Lungwort (pulmonaria officinalis) is an evergreen perennial plant from the genus of the flowering plants in the family Boraginaceae, known as the borage or forget-me-not family. The takes its name from the Latin root Pulmoa, meaning lung, and was first used by Leonhart Fuchs (1501 – 1566), a German physician and one of the three founding fathers of botany. Lungwort is so named due to its origins in the ancient Signature Doctrine, in terms of its appearance reflecting its use as a healing herb.
The white spots of lungwort correspond with the spots one might find on a sick lung. In Hildegard of Bingen’s time, lungwort was commonly used to help in treating minor lung conditions, such as pulmonary emphysema, bronchial coughs, and asthma.
Due to persistent seasonal exposure to cold and flu viruses, bronchitis and its accompanying mucus can result in a bloating of the lungs. In this context, Hildegard medicine would have us drink a warm cup of lungwort tea, made with a tablespoon of dried lungwort herb, combined with 8 ounces (250 ml) of boiling water, and allowed to steep for 10 minutes. This warm drink should be consumed three times per day.
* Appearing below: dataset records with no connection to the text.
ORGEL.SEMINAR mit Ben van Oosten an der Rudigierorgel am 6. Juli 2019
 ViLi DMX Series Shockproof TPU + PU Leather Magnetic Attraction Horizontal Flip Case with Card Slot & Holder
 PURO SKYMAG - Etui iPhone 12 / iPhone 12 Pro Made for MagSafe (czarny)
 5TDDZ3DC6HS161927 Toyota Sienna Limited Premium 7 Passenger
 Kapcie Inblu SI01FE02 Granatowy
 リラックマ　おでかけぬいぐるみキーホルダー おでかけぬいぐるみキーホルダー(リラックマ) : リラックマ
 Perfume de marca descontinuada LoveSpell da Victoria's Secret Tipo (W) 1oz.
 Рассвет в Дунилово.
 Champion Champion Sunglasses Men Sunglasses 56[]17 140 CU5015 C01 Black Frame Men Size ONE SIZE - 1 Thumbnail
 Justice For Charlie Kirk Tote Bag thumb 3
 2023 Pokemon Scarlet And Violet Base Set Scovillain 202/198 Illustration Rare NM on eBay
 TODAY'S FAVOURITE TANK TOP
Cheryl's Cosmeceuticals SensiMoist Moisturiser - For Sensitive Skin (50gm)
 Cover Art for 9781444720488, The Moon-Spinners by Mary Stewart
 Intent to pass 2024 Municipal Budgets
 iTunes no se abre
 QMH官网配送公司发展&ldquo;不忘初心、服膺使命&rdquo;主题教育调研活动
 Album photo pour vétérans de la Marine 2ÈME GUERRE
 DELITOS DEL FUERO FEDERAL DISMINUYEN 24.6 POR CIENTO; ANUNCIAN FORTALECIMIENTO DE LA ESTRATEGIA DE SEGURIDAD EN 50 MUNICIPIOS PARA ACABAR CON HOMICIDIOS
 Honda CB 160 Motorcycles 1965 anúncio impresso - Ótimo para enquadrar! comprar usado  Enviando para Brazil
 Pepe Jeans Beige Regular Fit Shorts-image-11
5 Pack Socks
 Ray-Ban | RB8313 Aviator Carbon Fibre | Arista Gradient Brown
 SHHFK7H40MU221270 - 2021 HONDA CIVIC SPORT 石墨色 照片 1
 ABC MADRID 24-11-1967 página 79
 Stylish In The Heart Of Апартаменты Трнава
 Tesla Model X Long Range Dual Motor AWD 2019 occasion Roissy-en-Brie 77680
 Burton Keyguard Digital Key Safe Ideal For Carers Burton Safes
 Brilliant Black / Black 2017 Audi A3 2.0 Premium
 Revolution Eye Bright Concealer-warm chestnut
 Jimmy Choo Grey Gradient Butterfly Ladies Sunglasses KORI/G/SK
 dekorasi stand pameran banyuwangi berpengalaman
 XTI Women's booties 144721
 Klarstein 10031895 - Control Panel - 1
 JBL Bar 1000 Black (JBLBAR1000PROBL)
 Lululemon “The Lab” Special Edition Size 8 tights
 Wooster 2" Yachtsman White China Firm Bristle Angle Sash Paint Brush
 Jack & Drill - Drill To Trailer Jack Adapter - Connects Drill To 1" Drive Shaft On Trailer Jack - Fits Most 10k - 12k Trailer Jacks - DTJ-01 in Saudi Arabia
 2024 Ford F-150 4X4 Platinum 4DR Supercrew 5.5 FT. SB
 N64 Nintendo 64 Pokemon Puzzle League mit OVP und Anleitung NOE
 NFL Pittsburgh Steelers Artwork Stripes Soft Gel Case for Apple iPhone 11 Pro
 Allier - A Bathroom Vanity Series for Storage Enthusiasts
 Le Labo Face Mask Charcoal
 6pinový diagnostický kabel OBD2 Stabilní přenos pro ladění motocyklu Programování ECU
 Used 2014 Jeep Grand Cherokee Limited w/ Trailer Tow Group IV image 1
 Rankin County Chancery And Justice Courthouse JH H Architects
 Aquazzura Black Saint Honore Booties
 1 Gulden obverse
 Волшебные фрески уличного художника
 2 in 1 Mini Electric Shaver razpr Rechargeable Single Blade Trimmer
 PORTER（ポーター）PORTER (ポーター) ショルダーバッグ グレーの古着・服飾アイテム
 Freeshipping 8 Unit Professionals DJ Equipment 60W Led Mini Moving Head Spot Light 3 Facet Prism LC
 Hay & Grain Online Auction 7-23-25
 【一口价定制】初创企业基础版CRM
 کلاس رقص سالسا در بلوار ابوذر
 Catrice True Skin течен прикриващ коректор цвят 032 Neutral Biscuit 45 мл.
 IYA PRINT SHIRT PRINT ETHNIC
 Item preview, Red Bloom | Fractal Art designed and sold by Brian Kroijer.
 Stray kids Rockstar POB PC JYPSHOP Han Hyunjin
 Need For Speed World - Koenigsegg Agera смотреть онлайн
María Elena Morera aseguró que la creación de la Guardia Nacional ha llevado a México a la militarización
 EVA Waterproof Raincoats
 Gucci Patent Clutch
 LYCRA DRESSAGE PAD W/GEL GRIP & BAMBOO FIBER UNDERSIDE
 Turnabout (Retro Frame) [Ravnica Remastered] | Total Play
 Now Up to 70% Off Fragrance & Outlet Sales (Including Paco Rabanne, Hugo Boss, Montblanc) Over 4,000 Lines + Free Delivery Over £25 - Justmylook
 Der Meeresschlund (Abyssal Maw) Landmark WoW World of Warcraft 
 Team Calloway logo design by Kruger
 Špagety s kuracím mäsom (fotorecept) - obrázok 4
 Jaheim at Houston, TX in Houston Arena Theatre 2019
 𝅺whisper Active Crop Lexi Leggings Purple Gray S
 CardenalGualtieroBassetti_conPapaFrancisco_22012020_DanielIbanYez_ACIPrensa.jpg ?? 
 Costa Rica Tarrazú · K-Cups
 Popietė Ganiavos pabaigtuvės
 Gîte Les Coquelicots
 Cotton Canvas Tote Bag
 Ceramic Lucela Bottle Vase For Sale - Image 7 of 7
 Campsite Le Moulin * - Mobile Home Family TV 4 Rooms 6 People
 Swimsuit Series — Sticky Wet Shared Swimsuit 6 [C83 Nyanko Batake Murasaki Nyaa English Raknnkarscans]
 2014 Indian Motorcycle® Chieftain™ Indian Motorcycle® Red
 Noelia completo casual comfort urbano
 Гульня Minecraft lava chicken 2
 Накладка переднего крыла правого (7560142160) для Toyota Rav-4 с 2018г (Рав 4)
Hildegard’s “lungwort wine” remedy, derived from Hildegard medicine, is used to address minor symptoms related to pulmonary edema. When distinguishing between pulmonary emphysema and pulmonary edema, the rule of thumb is that the latter often manifests with coughing and shortness of breath arising during the day as well as during the night.
To prepare lungwort wine, combine 3 tablespoons of lungwort with one liter of table wine and boil for 3 minutes. Pass the combination through a sieve and drink 1 cup, 3 times per day, preferably before meals.